The Bahawalpur church shooting was a mass shooting at Saint Dominic's Church in Bahawalpur, Punjab, Pakistan on 28 October 2001 by six assailants belonging to Lashkar-e-Jhangvi. The guard of the church and 17 other Christians were killed.

Background 

Non-Muslims are targeted in Pakistan by extremists. Since Pakistan backed the United States in the 2001 invasion of Afghanistan, terrorists are targeting Pakistani minorities, especially Christians.

Shooting 
Six masked gunmen riding on three motorcycles bring out their AK 47 riffles which they were hiding in their bags and started shooting. At the time, around 100 people were inside church. They first killed the guard of the church at the gate and then entered the church and started firing on worshippers.

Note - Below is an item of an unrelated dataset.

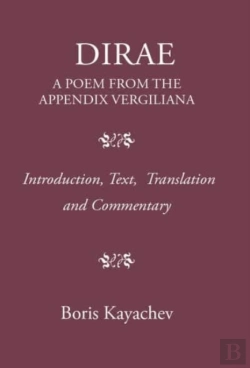Bertrand.pt - Dirae. A Poem From The Appendix Vergiliana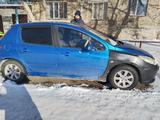 Peugeot 307 2007 года за 2 100 000 тг. в Караганда – фото 2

While shooting, they were chanting slogans, "Afghanistan and Pakistan, graveyard of Christians" and were also chanting "Allah hu Akbar" (God is Great). They fired for 3 minutes, from 08:52 to 08:55 (UTC + 0:500). The assault left 18 people dead.

Reactions 
The President of Pakistan, Pervez Musharraf said that he was saddened by killing of Christians and accused trained extremists of the attack.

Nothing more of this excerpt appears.